I make a strong case for getting most of our vitamins in the food we eat, just so you know. But not everyone gets all they need from their food, and that goes double — at least — for people eating the standard American diet.
Vitamin A is found especially in orange foods like carrots, sweet potatoes, apricots, mangoes, and papayas, as well as in green, leafy vegetables. Whereas the type of Vitamin A in many supplements can be toxic, the Vitamin A in these orange fruits and vegetables will never be toxic. That’s because foods provide not pre-formed Vitamin A but, rather, beta-carotene, which is converted to Vitamin A by our livers only in amounts we need at that moment.
Why green, leafy vegetables? Because they, too, contain large amounts of the orange, beta-carotene pigments; they are simply hidden by the dark green pigments. In my college organic chemistry class, using a technique called chromatography, we reproduced our own version of a famous experiment in which we mashed up spinach with a mortar and pestle, and then extracted the various pigments. Yes, the orange pigment was in there; I saw it with my own eyes.
Folate (vitamin B9) is another one. Think of the word FOLiage to get a sense of the strength of the connection between green leaves and FOLate.
Vitamin C, a vital substance for our skin, our gums, and all our connective tissues, is found in large amounts in green leafy vegetables and all the citrus fruits. Vitamin E protects the skin from ultraviolet rays and prevents cell damage from free radicals. Vitamin K makes a critical contribution to maintaining a healthy circulatory system, particularly blood coagulation.
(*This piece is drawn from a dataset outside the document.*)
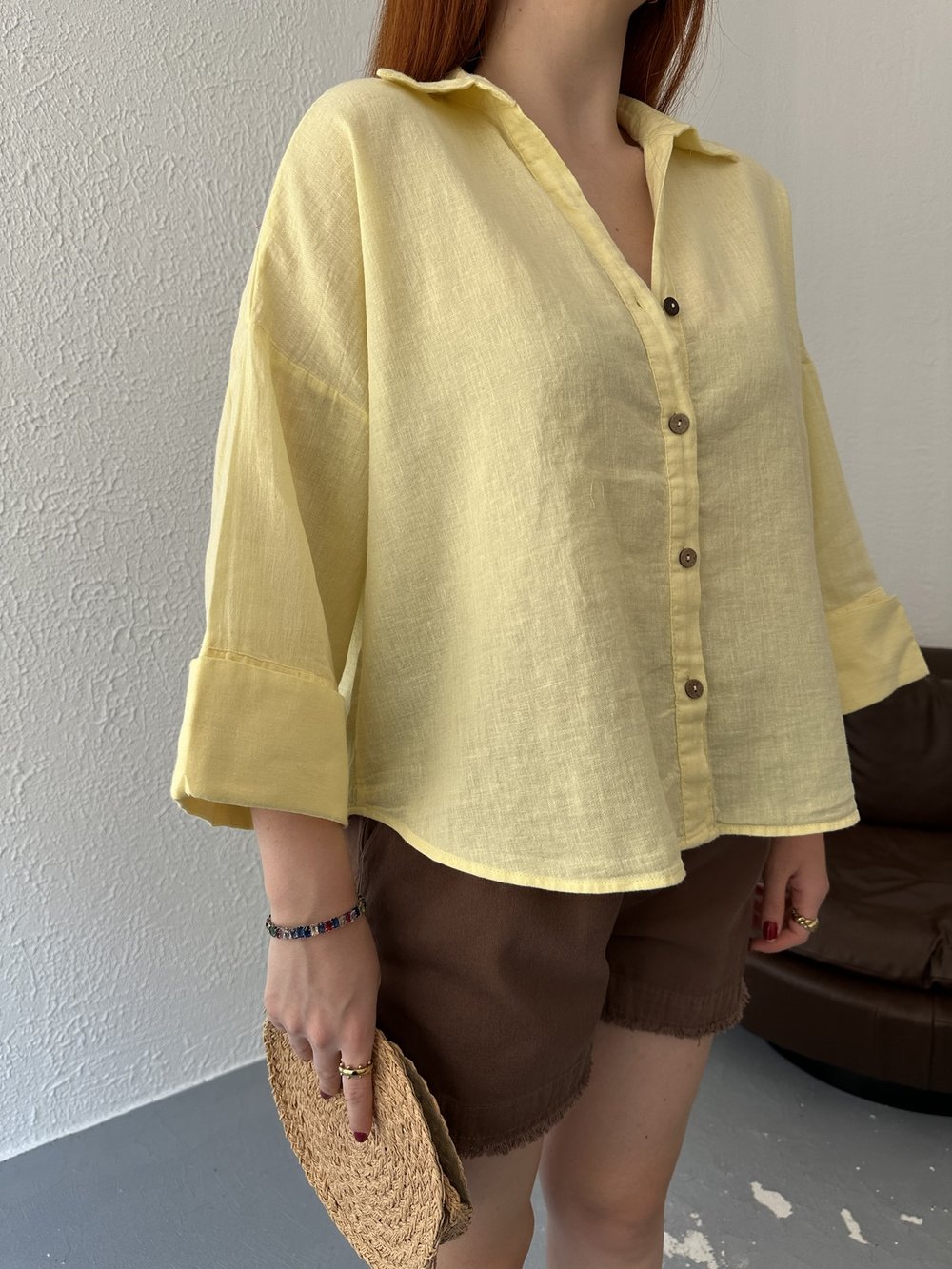 Oversize Sırt Detaylı Gömlek Sarı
My colleague Dr. Caldwell Esselstyn includes in his presentation a long, impressive, and memorized(!) list of greens that includes spinach, kale, romaine lettuce, red- and green-leaf lettuce, mustard greens, collards, arugula (also called rocket), broccoli, turnip greens, cabbage, Bok choy, Swiss chard, chicory, dandelion greens, and more. I enjoy hearing him go through the list rapid-fire.
Take your pick. It’s like taking a vitamin, but way better.